What this task involves:
Look through the entries below for the line with "Claudia, Cristina, Clara e Itamara Aguiar" and the line with "ELKA Arinis AF01w-1201", then give again exactly those two lines and all lines between them, minus the pictures.

Dataset records:
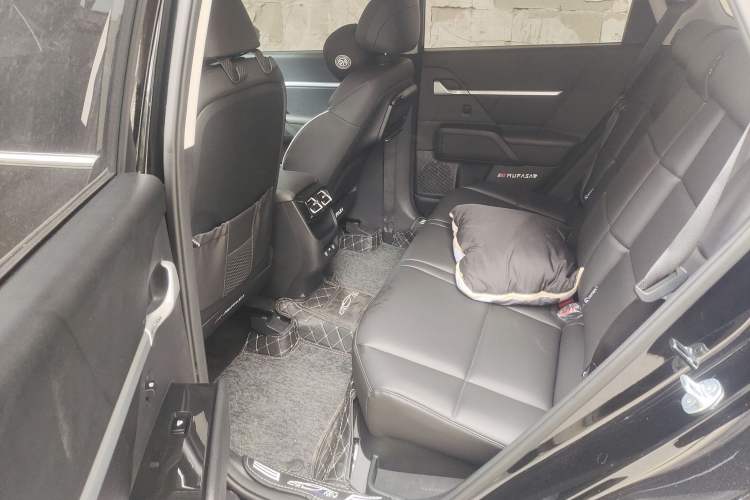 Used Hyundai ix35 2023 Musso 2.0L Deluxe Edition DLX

--

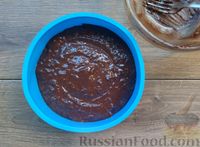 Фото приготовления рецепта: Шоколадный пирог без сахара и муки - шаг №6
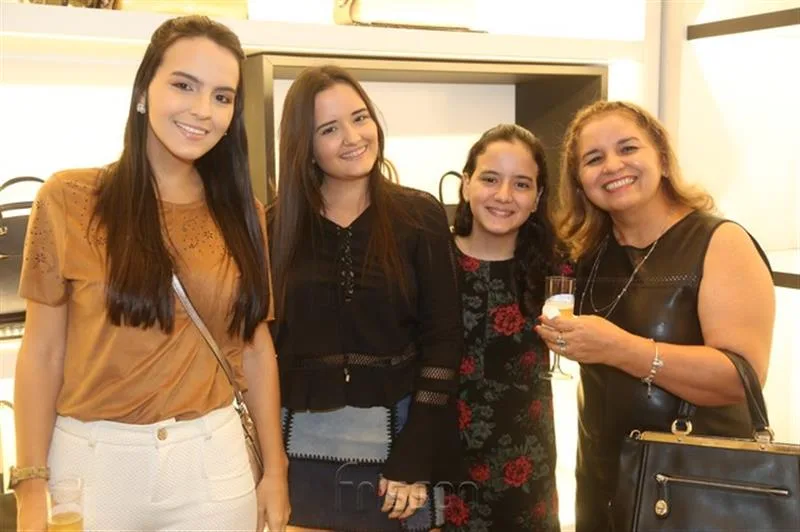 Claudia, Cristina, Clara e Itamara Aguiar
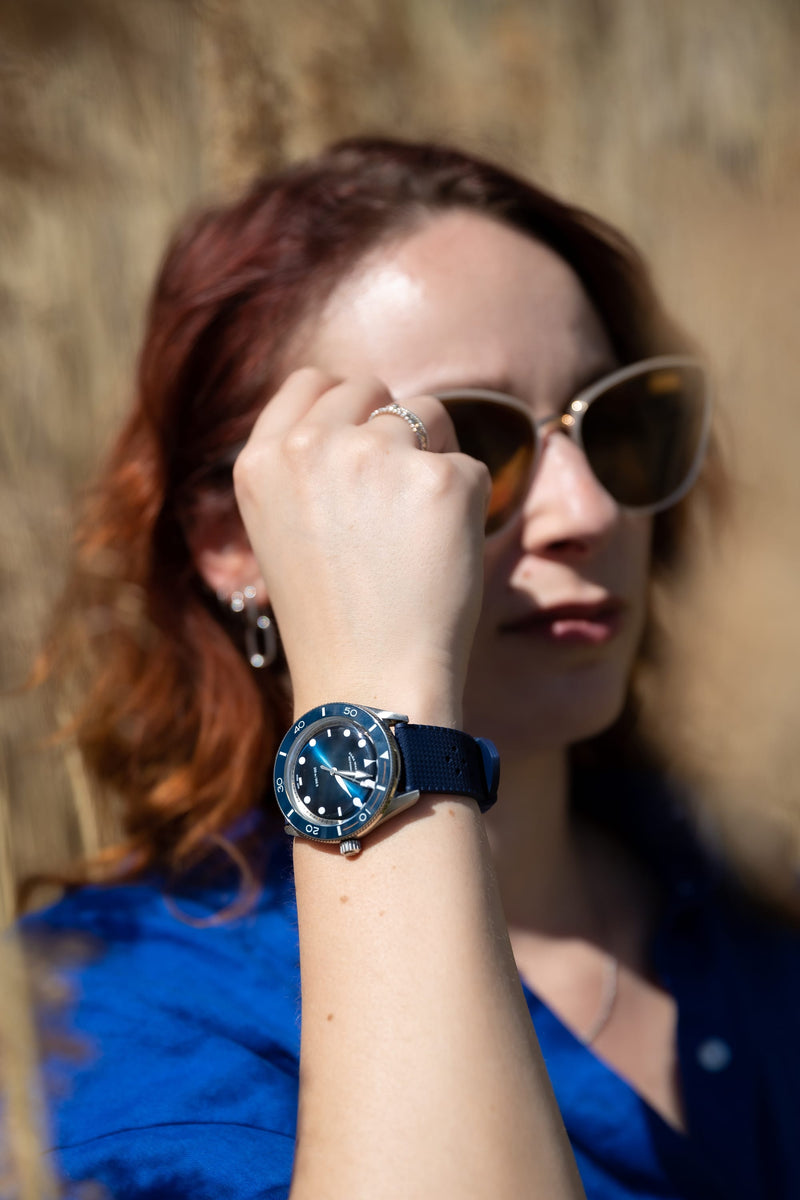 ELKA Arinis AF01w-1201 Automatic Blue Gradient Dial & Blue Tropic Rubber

--

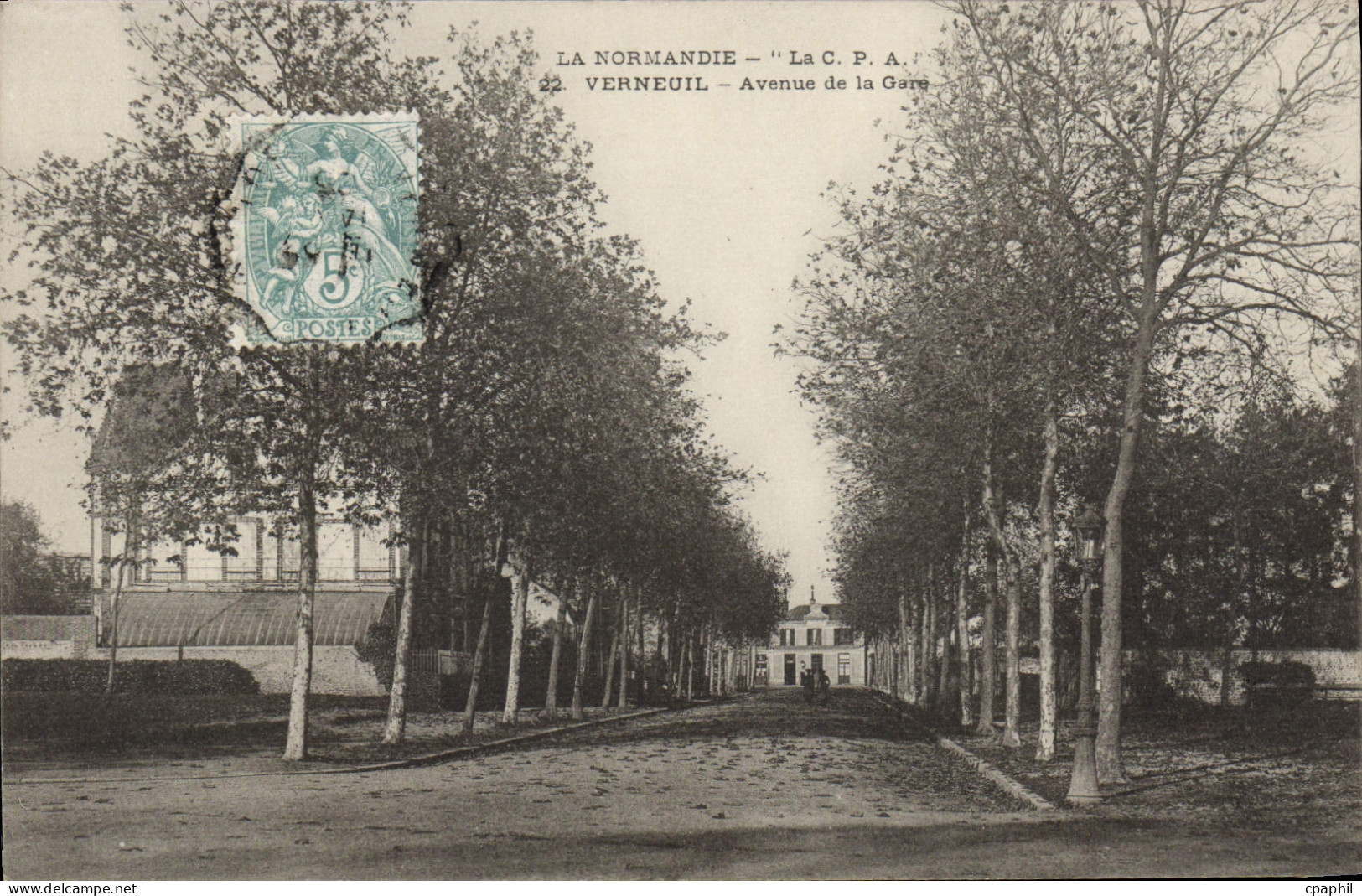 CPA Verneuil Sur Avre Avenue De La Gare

Solved exercise:
 Claudia, Cristina, Clara e Itamara Aguiar
 ELKA Arinis AF01w-1201 Automatic Blue Gradient Dial & Blue Tropic Rubber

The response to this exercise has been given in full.